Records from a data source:
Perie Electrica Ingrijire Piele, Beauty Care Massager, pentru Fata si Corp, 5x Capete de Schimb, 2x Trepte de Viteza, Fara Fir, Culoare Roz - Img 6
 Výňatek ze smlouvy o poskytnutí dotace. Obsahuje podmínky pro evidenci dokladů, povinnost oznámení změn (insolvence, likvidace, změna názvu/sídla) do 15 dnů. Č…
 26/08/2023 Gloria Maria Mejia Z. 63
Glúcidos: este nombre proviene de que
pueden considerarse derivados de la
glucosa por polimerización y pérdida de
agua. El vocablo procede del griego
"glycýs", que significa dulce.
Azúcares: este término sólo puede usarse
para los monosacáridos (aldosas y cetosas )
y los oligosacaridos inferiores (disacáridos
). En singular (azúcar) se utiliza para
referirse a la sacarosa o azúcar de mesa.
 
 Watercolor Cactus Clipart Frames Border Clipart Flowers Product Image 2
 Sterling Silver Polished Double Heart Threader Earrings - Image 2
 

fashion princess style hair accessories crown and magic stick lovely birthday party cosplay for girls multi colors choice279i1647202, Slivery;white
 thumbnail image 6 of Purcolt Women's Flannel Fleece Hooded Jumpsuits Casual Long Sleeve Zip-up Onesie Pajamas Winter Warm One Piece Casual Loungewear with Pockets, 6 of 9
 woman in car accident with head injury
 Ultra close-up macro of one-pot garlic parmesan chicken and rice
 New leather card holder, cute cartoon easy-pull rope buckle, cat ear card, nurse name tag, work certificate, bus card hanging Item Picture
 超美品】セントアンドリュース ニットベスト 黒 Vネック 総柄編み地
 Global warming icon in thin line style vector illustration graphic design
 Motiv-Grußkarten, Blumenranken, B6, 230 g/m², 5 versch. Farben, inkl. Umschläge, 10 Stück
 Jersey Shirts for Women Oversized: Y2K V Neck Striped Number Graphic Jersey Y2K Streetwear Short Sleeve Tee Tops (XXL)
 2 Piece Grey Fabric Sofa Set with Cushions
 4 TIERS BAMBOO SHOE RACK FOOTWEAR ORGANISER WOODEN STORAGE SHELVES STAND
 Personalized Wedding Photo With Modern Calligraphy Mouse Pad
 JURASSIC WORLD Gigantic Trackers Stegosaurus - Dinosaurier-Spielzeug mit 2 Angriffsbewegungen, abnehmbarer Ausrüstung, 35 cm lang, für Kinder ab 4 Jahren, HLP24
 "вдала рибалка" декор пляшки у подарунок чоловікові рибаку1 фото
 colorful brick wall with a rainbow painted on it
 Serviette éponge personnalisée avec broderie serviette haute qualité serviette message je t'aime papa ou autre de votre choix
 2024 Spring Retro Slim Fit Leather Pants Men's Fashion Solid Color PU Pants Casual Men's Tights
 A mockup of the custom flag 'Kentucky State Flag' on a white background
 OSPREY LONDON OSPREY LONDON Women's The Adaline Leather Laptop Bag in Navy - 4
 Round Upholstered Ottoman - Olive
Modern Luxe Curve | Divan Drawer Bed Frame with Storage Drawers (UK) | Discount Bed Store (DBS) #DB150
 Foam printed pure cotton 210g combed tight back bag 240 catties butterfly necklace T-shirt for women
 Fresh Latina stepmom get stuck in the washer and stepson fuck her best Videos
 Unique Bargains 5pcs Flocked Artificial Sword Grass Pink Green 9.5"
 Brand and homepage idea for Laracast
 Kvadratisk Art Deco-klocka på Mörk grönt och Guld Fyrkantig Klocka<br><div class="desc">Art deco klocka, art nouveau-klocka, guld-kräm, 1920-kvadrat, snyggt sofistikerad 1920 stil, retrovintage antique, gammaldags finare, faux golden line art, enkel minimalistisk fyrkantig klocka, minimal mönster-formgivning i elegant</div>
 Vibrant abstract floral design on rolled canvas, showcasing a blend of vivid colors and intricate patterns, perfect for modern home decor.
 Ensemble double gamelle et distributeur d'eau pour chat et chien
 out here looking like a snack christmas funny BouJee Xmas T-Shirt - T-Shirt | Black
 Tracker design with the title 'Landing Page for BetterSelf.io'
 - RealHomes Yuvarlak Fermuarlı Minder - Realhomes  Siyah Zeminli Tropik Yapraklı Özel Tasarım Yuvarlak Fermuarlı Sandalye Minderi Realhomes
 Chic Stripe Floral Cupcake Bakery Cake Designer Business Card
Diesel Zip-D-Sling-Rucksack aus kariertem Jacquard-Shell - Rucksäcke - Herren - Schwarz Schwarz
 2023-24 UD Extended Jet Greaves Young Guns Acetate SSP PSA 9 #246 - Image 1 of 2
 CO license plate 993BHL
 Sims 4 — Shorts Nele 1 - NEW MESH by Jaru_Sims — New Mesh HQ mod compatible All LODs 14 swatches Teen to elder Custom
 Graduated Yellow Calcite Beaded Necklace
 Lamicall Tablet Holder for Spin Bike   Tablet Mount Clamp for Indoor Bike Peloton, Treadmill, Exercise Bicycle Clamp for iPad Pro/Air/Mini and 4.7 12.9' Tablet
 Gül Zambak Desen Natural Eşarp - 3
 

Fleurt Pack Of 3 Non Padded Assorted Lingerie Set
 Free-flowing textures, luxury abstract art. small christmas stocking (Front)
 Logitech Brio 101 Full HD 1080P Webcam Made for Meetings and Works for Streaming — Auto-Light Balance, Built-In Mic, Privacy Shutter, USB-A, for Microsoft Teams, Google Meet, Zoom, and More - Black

■ Required work ■
Where does the word "Sleeve" occur in the data? Copy every line that has it.

■ The completed task ■
 thumbnail image 6 of Purcolt Women's Flannel Fleece Hooded Jumpsuits Casual Long Sleeve Zip-up Onesie Pajamas Winter Warm One Piece Casual Loungewear with Pockets, 6 of 9
 Jersey Shirts for Women Oversized: Y2K V Neck Striped Number Graphic Jersey Y2K Streetwear Short Sleeve Tee Tops (XXL)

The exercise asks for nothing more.